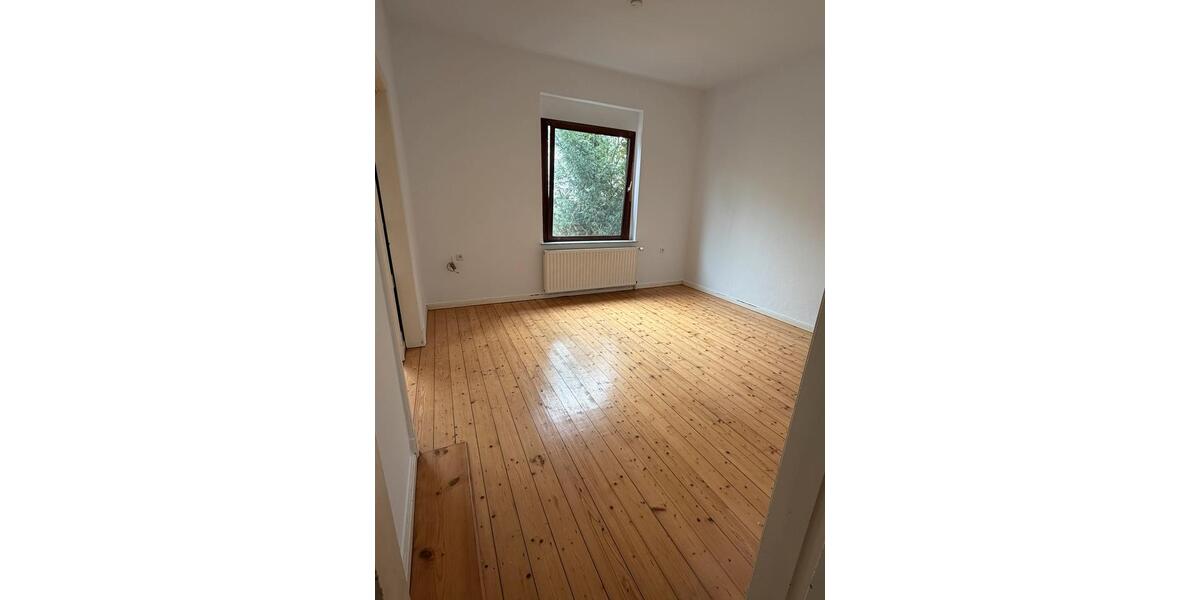 Hochparterre Oldenburg Bloherfelde - 4 Zimmer, 85 m&sup2;, 720&euro; | Angebot:26582760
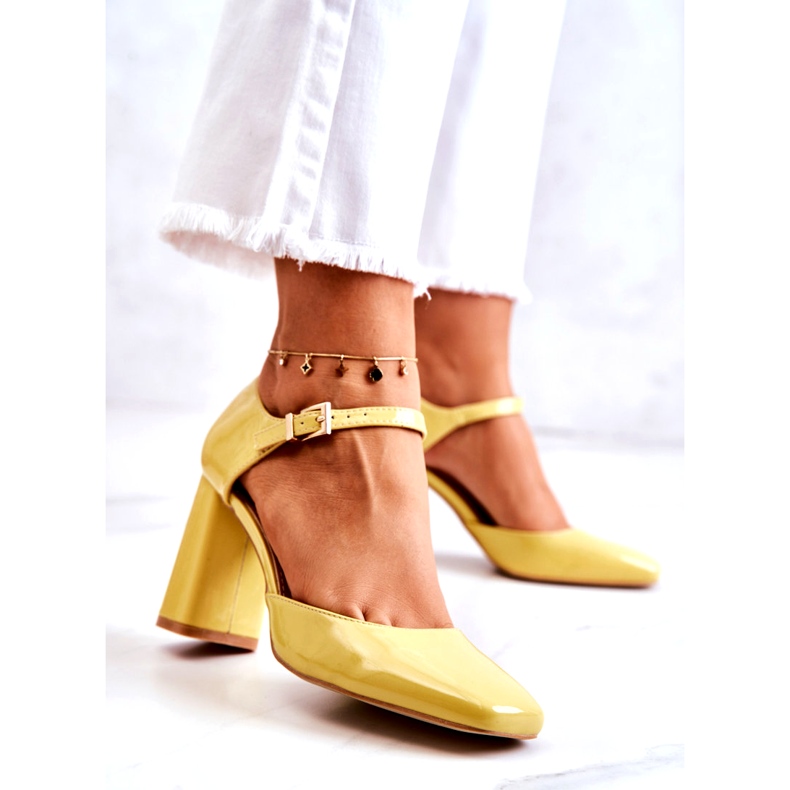 PG1 Divatos lakkozott szivattyúk egy sárga maoris bárban 1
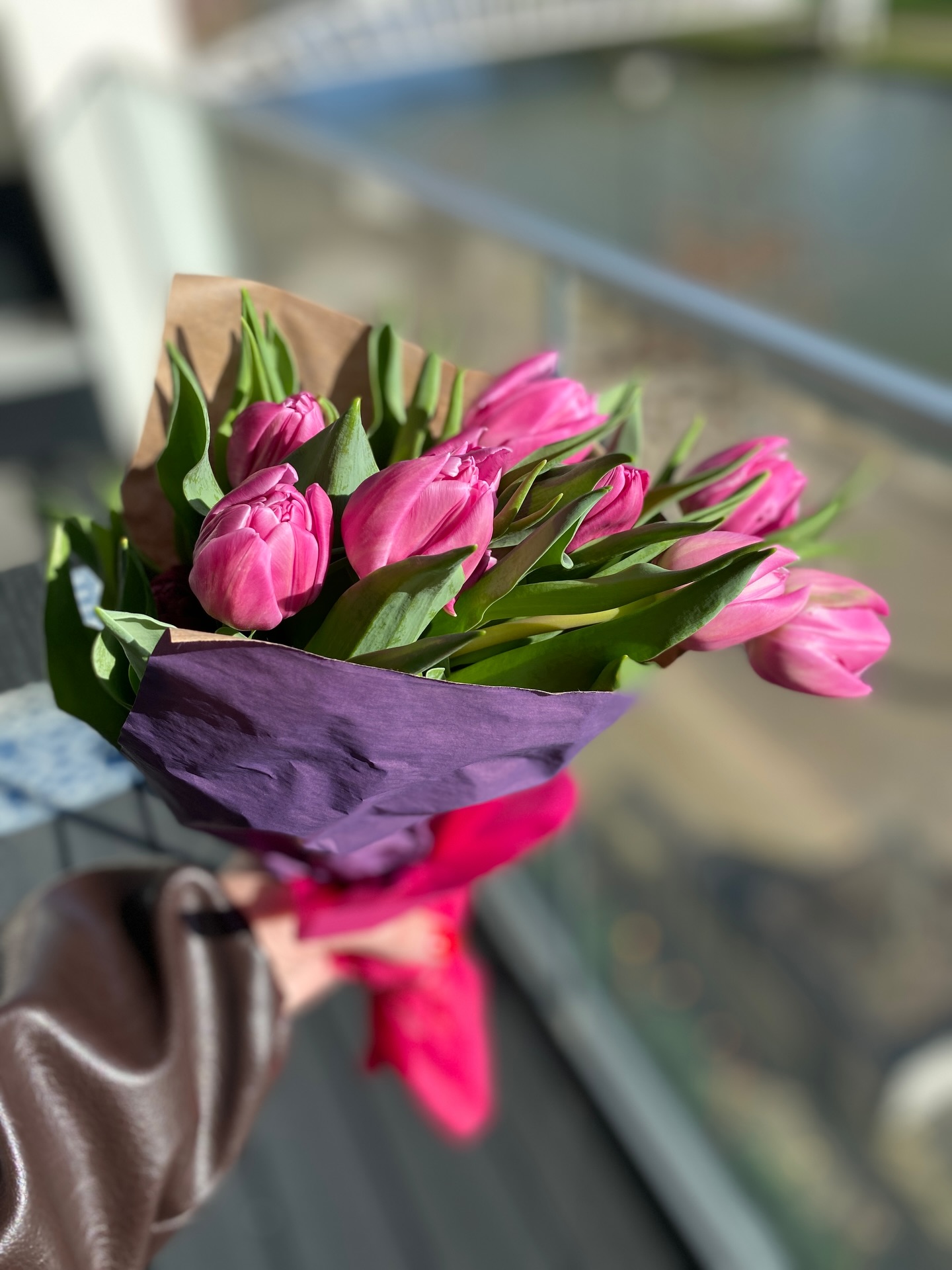 I’ve not been sharing much news about Bedford since the end of last year. I’ve not had the energy to make a video or a post since losing my Mum. Today was my day off work and a beautiful spring day. It was spent with my best friend drinking coffee, chatting, strolling along and wandering in the Old Arcade. The warm spring air lifted my spirits and made me feel a bit lighter. I hope it did for you too! I realised whilst at Coffee With Art that it really says Coffee With Heart - I’d never spotted that before and it felt fitting for a much loved coffee shop. My friend surprised me with these magnificent tulips from Moss and Ivy Florist. (I’ve also pictured the long stemmed red roses as they are absolutely huge, a big statement of love.) I hope this spring weather continues and inspires you to step out and enjoy the beautiful gems we have in Bedford, especially taking a walk along the river and booking in a long overdue coffee catch up with a special friend. 🌷 #boughtinbedford #bedford I’ve tagged in Mel from at Echos of The Soul Grief Support if anyone is going through a sad and difficult time. xx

+ + + +

## WHAT NEEDS TO BE DONE
Leave the pictures out and print the whole listing precisely.

## WRITTEN SOLUTION
 Hochparterre Oldenburg Bloherfelde - 4 Zimmer, 85 m&sup2;, 720&euro; | Angebot:26582760
 PG1 Divatos lakkozott szivattyúk egy sárga maoris bárban 1
 I’ve not been sharing much news about Bedford since the end of last year. I’ve not had the energy to make a video or a post since losing my Mum. Today was my day off work and a beautiful spring day. It was spent with my best friend drinking coffee, chatting, strolling along and wandering in the Old Arcade. The warm spring air lifted my spirits and made me feel a bit lighter. I hope it did for you too! I realised whilst at Coffee With Art that it really says Coffee With Heart - I’d never spotted that before and it felt fitting for a much loved coffee shop. My friend surprised me with these magnificent tulips from Moss and Ivy Florist. (I’ve also pictured the long stemmed red roses as they are absolutely huge, a big statement of love.) I hope this spring weather continues and inspires you to step out and enjoy the beautiful gems we have in Bedford, especially taking a walk along the river and booking in a long overdue coffee catch up with a special friend. 🌷 #boughtinbedford #bedford I’ve tagged in Mel from at Echos of The Soul Grief Support if anyone is going through a sad and difficult time. xx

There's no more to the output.